### What you are asked to do
Omit every picture, then return the listing verbatim.

### Supplied data
------------------------------

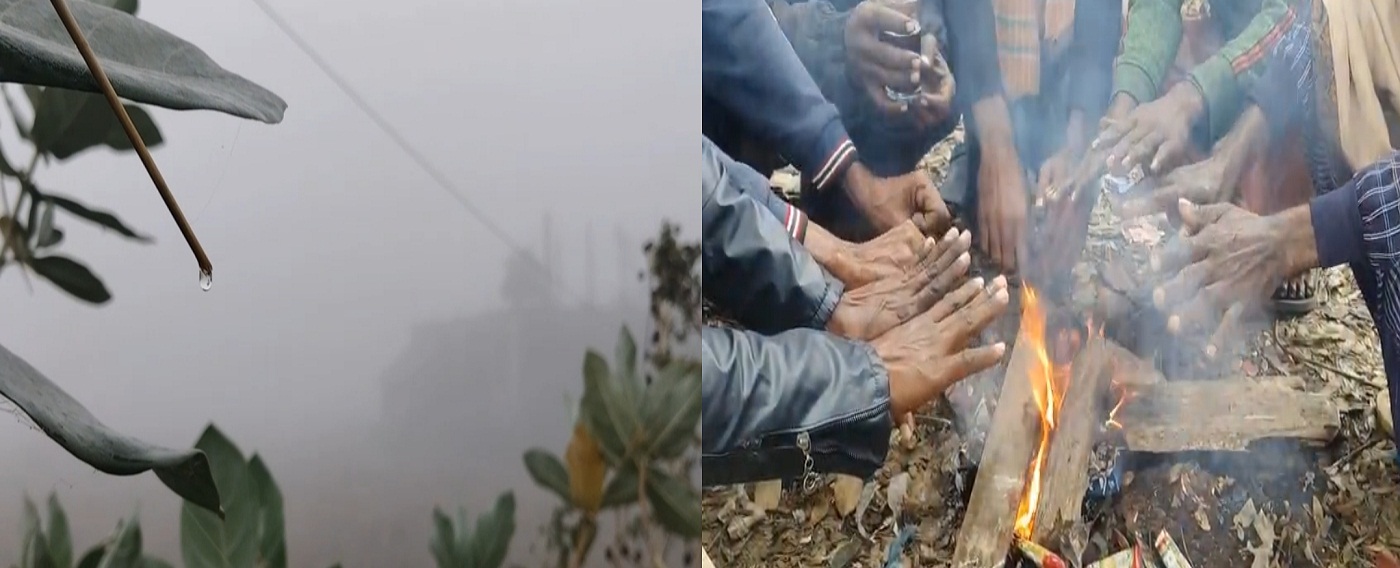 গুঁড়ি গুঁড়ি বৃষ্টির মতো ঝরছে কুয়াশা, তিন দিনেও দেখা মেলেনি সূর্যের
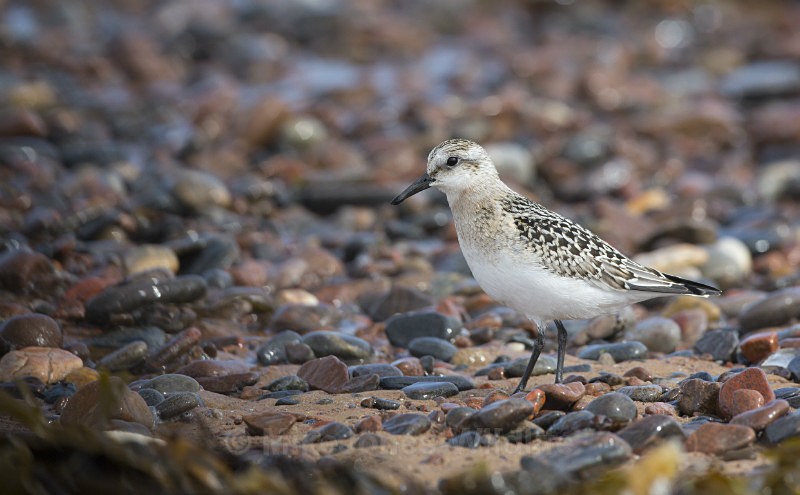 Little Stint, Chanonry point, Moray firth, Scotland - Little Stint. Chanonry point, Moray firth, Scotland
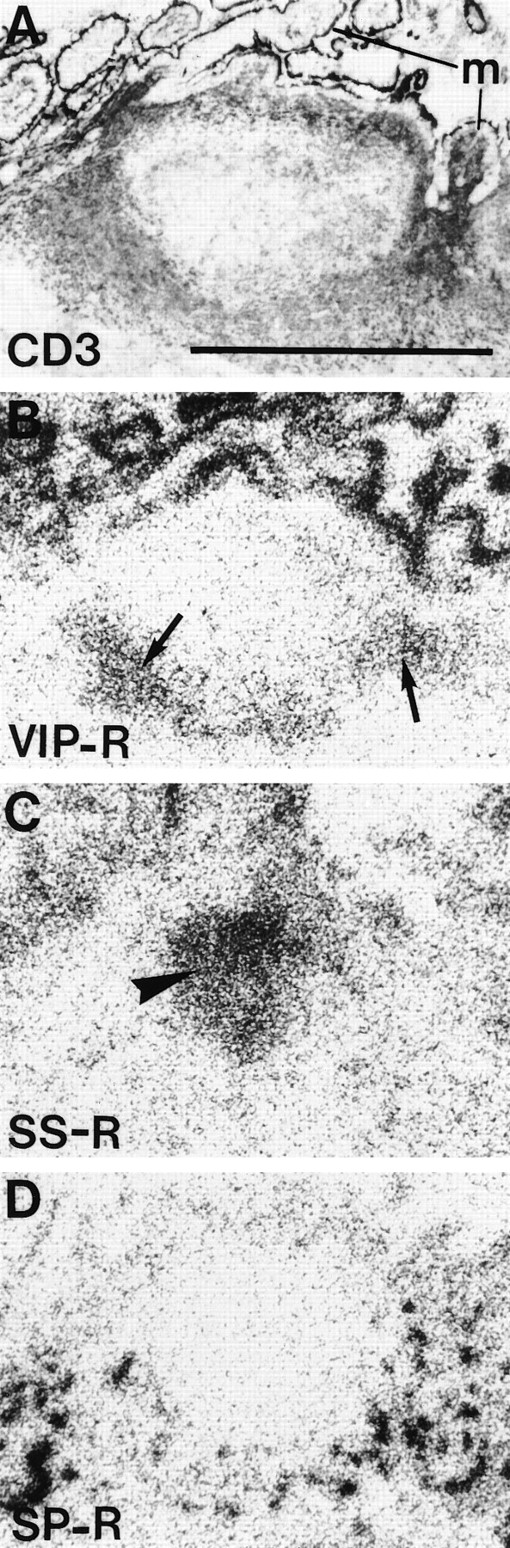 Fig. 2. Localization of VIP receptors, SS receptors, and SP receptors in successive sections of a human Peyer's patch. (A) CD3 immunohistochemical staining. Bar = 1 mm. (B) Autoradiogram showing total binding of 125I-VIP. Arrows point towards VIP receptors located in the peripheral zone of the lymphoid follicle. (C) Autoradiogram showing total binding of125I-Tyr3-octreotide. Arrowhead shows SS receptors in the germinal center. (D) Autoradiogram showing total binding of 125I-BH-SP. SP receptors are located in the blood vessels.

------------------------------

### Answer space
 গুঁড়ি গুঁড়ি বৃষ্টির মতো ঝরছে কুয়াশা, তিন দিনেও দেখা মেলেনি সূর্যের
 Little Stint, Chanonry point, Moray firth, Scotland - Little Stint. Chanonry point, Moray firth, Scotland
 Fig. 2. Localization of VIP receptors, SS receptors, and SP receptors in successive sections of a human Peyer's patch. (A) CD3 immunohistochemical staining. Bar = 1 mm. (B) Autoradiogram showing total binding of 125I-VIP. Arrows point towards VIP receptors located in the peripheral zone of the lymphoid follicle. (C) Autoradiogram showing total binding of125I-Tyr3-octreotide. Arrowhead shows SS receptors in the germinal center. (D) Autoradiogram showing total binding of 125I-BH-SP. SP receptors are located in the blood vessels.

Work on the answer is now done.